Instance / WebDAV (sfcc.instance, sfcc.webdav)

sfcc-ciSDK
instance.upload(instance, file, token, opts, cb)instance.webdav.put(path, data)
instance.import(instance, file, token, cb)siteArchiveImport(instance, zipPath)
webdav.upload(instance, path, file, token, opts, cb)instance.webdav.put(path, data)
typescript
import {readFileSync} from 'node:fs';

// Upload a file via WebDAV
const data = readFileSync('./my-file.zip');
await instance.webdav.put('/cartridges/my-file.zip', data);

// Check if a file exists
const exists = await instance.webdav.exists('/cartridges/my-file.zip');

// List directory contents
const listing = await instance.webdav.propfind('/cartridges/');

// Delete a file
await instance.webdav.delete('/cartridges/my-file.zip');

The WebDAV client exposes a richer API than sfcc-ci: put, propfind, mkcol, delete, exists, copy, move.

Account Manager Users (sfcc.user)

sfcc-ciSDK
user.create(org, user, mail, ...)createUser(client, opts)
user.list(org, role, login, ...)listUsers(client, opts)
user.update(login, changes, ...)updateUser(client, opts)
user.delete(login, purge, ...)deleteUser(client, userId) / purgeUser(client, userId)
user.reset(login, ...)resetUser(client, userId)
user.grant(login, role, scope, ...)grantRole(client, opts)
user.revoke(login, role, scope, ...)revokeRole(client, opts)

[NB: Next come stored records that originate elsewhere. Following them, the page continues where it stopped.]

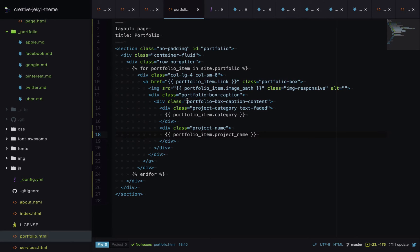That's it — it loops over all our portfolio items, prints the metadata, and we've saved a huge amount of code. The great thing is it's easy to extend: if I wanted to show how many projects were done with a company, I could add that to the front matter and output it on the page. It's really easy to manipulate.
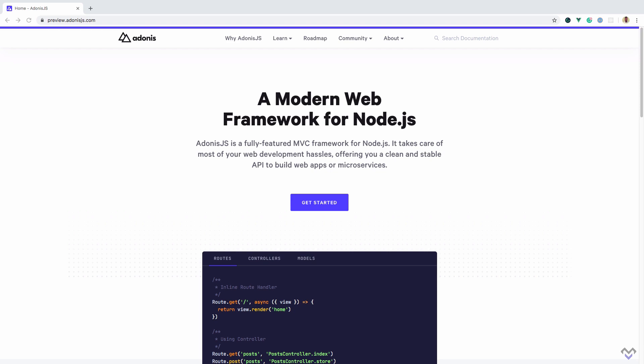Adonis.js has everything you would need for building modern web applications, such as a powerful ORM called Lucid, a robust routing system, support for multiple databases, database query builder, database seeder, and migrations and schema builder.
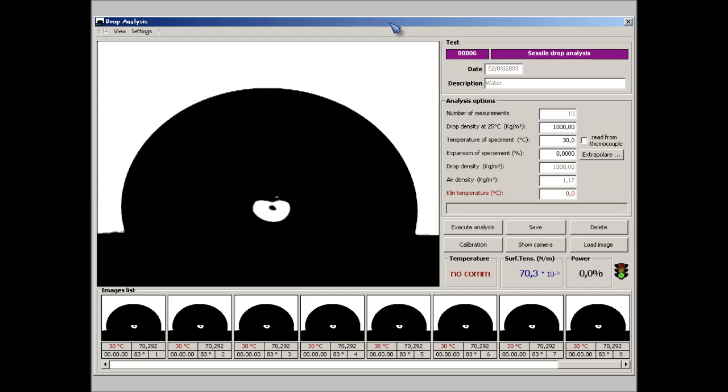The measurement of the surface tension is carried out using the method of the analysis of the sessile drop shape, applying the Young-Laplace formula. A brief description of this method can be found in the product digest or in the presentation of the heating microscope MISURA HSM.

Account Manager operations use a separate client (not instance), since they talk to Account Manager rather than a B2C instance:

typescript
import {resolveConfig} from '@salesforce/b2c-tooling-sdk/config';
import {createAccountManagerClient} from '@salesforce/b2c-tooling-sdk/clients';
import {listUsers, createUser, grantRole} from '@salesforce/b2c-tooling-sdk/operations/users';

const config = await resolveConfig();

// Unified client for users, roles, orgs, and API clients
const client = createAccountManagerClient({}, config.createOAuth());

// List users
const users = await listUsers(client.users, {size: 25});

// Create a user
const newUser = await createUser(client.users, {
  mail: 'user@example.com',
  firstName: 'Test',
  lastName: 'User',
  organizationId: 'my-org-id',
});

// Grant a role
await grantRole(client.users, {
  userId: newUser.id,
  roleId: 'bm-admin',
  scope: 'my-realm',
});

See the Account Manager guide for more details on AM operations.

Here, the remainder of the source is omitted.